If you haven’t heard of SCBWI before, it’s the Society of Children’s Book Writers and Illustrators. It’s a wonderful worldwide organisation, all about supporting the growth and development of its members.
When living in Brisbane my Queensland SCBWI group was one of my greatest supports, and leaving them was incredibly tough. Now in Adelaide we have just started up our own South Australian chapter, with the help of Chris Cheng, co-director of SCBWI Australia. I’ll be leading the group, helped by all the wonderful members here as we get to know each other.
That’s Chris and I above – Chris generously did a quick fly by visit for our last meeting to let us know all about SCWBI and how we can operate as a newly formed group. A few of us will also be attending the Sydney SCWBI conference later in the year. It should be a wonderful couple of days (I hope to see many of you there!). Also, due to the scholarship I received earlier in the year, I’ll get to attend the SCWBI winter conference in New York in January.

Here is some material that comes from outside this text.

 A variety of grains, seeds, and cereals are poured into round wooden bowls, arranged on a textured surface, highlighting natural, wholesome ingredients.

It’s turning into a very SCWBI kind of year for me…
Published June 27, 2010
Sorry I’ve been a bit absent of late. I’ve been squirrelling (or rabbiting?) away on the edits of Squish Rabbit, with lots of to and fro with my editor and art director. When I say this, people often react with something like ‘How much are they making you change?’ I’m surprised so many people feel this way, because I’ve always imagined creating a book is a collaborative process. And not just something that was forced on people, but rather a positive process – something to be excited about.

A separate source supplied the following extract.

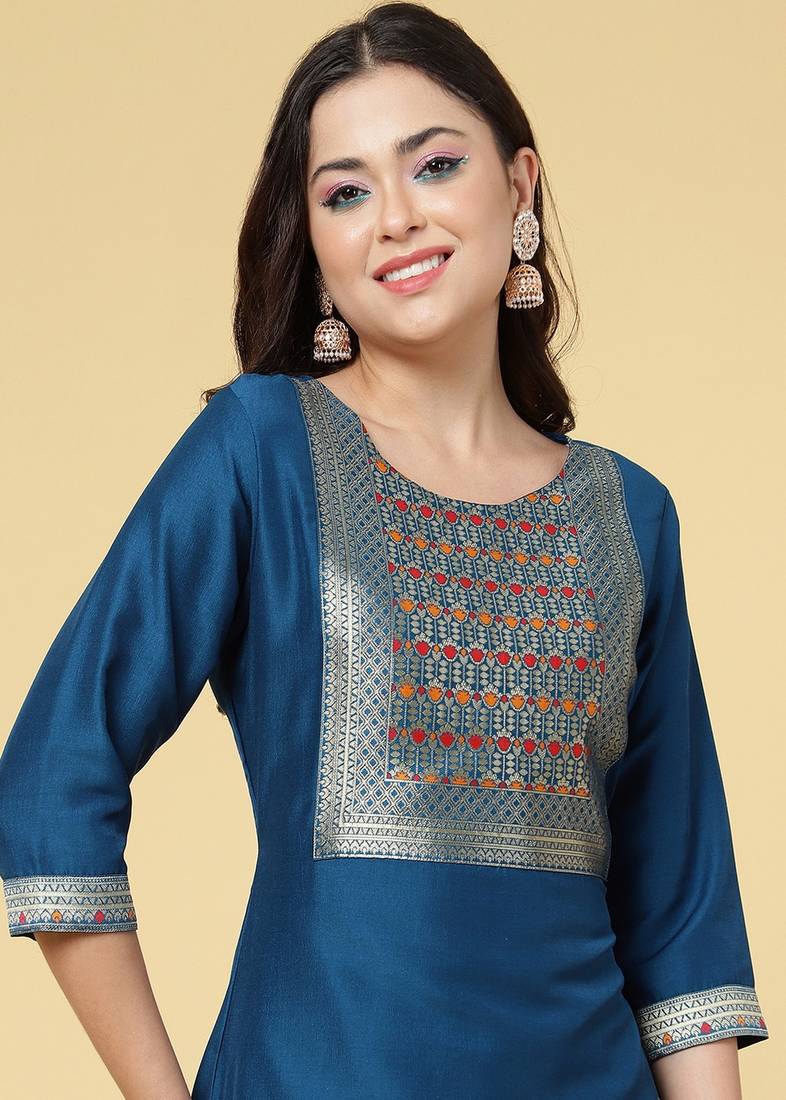 Clemira Multicolor Color Embroidered Women'S Kurta Palazzo Set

In no other industry do people work alone. When I was an Occupational Therapist, I might have seen my clients alone, but I had regular supervision sessions – a place where I could openly discuss cases with someone more senior than myself, so we could share the decisions. I also worked in an office with countless other OTs and allied health professionals, and we were constantly discussing cases and throwing ideas around. I loved that process. Even those in private practice organise supervision or maintain links with public services for support and learning.
Yet when it comes to creative pursuits, people harbour this ideal of the ‘lone creator’. The individual slaving away at their desk. The isolated mind. The single genius who creates entire worlds. Ha!
In a way, this image terrifies me. I’d go insane if that was me. Not only that, but I know that my work would never be the best it could be if I worked in isolation. I rely on others’ feedback, in all stages of my writing and illustration – from the very first, rough idea, through to the finished manuscript.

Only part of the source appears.